We’re experiencing intermittent routing issues in our IBM Cloud VPC that’s breaking our ERP integration. Traffic between our application subnet (10.240.10.0/24) and database subnet (10.240.20.0/24) randomly fails, causing ERP transaction timeouts.
I’ve checked the VPC routing table configuration and noticed multiple custom routes, but I’m not sure if there’s a CIDR overlap issue. Here’s our current setup:
Route 1: 10.240.0.0/16 -> local
Route 2: 10.240.20.0/24 -> 10.240.10.5 (custom)
Route 3: 10.240.0.0/20 -> gateway-id
I’ve enabled Flow Logs but struggling to pinpoint the exact routing decision causing failures. When the issue occurs, ERP users can’t complete purchase orders or update supplier records. Has anyone dealt with VPC routing table conflicts like this?
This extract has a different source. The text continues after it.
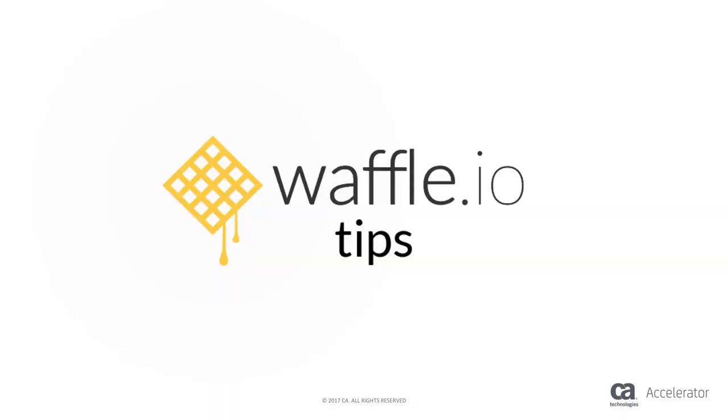Hello Wafflers and welcome to Waffle Tips. Today I'm excited to show you our brand new feature, epics.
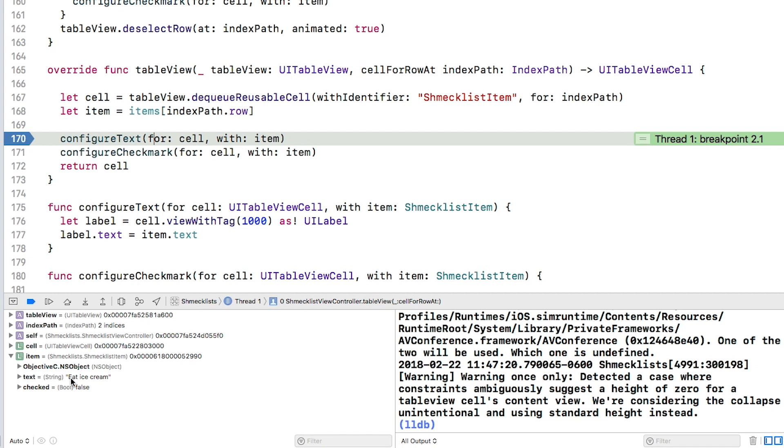This is the buggy little item that isn't showing right. And sure enough, you can see that the checked property is false when the cell is being created for this item.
How do I troubleshoot overlapping routes and identify which rule is taking precedence?
If Route 3 doesn’t serve a specific purpose (like routing that /20 block to a transit gateway or VPN), then yes, remove it. Having overlapping routes creates confusion and can lead to exactly the issues you’re experiencing. Keep your routing table as simple as possible - only add custom routes when you have explicit requirements like connecting to on-premises networks, routing through firewalls, or directing traffic to network appliances. For standard VPC subnet communication, the implicit local routes are all you need and they’re much more reliable.
Update: I tested connectivity using the VPC console tool and confirmed Route 2 was indeed intercepting database traffic. The load balancer at 10.240.10.5 isn’t configured to forward that traffic - it’s only meant for external ERP API calls. I’m going to remove Route 2 today. Should I also clean up Route 3, or is there a valid reason to keep a more specific route alongside the /16 catchall?
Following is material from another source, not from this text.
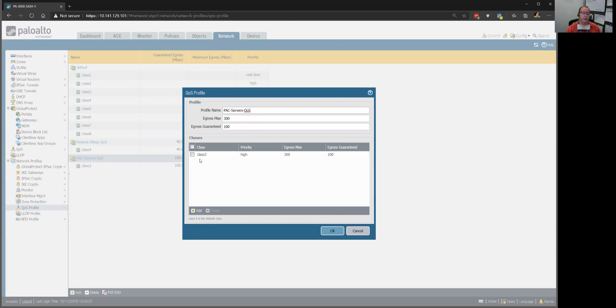I said, okay, class three traffic coming through, give it high priority. 300 megabits is the max I'm going to give it, that's our max bandwidth, that's the most they can have.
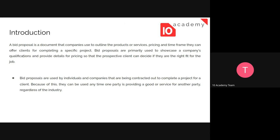We can also call it a bid proposal. It's a document that companies use to outline the products or service, pricing, and time frame they can offer clients for completing specific projects. There is a company trying to provide a specific type of service or material or human force, and there is another company that needs to outsource its specific project to other companies. So there is a competition between different companies to take that position, and the proposal that the company writes to take over the job is called a bid, and the document is a bid proposal.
Thanks for the quick response. I checked the gateway in Route 3 and it’s active. The IP 10.240.10.5 in Route 2 is supposed to be our application load balancer. But now I’m wondering - should I even have Route 2? The database subnet should be reachable via the default local route, right? I’m going to review our Flow Logs more carefully to see which route is actually being used when failures happen.
Let me provide a comprehensive solution based on the discussion:
Root Cause Analysis:
Your VPC routing table has overlapping CIDR blocks causing traffic misrouting. Route 2 (10.240.20.0/24 → 10.240.10.5) was forcing database traffic through a load balancer that doesn’t forward it, and Route 3 (10.240.0.0/20) overlaps with your VPC-wide Route 1.
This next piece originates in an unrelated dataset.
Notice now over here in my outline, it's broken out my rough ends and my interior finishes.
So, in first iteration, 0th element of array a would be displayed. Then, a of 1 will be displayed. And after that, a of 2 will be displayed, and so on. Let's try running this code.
Step 1: VPC Routing Table Configuration
Remove the problematic custom routes:
ibmcloud is vpc-routing-table-route-delete VPC_ID ROUTING_TABLE_ID ROUTE_2_ID
ibmcloud is vpc-routing-table-route-delete VPC_ID ROUTING_TABLE_ID ROUTE_3_ID
Your routing table should only contain:
- Default local route: 10.240.0.0/16 → local (implicit, handles all intra-VPC traffic)
- Only add custom routes if you need to route to transit gateways, VPN connections, or network appliances
Step 2: Subnet CIDR Overlap Detection
Validate no overlapping custom routes exist:
ibmcloud is vpc-routing-tables VPC_ID --output json | jq '.routes[] | select(.destination | contains("10.240"))'
Ensure no two routes have overlapping CIDR blocks unless intentionally using longest-prefix-match for traffic engineering.
Step 3: Flow Logs Troubleshooting
Verify traffic flows correctly after cleanup:
- Query Flow Logs for traffic between subnets during your next ERP transaction window:
Filter: src_ip=10.240.10.* AND dst_ip=10.240.20.*
Look for: action=accept (should be present)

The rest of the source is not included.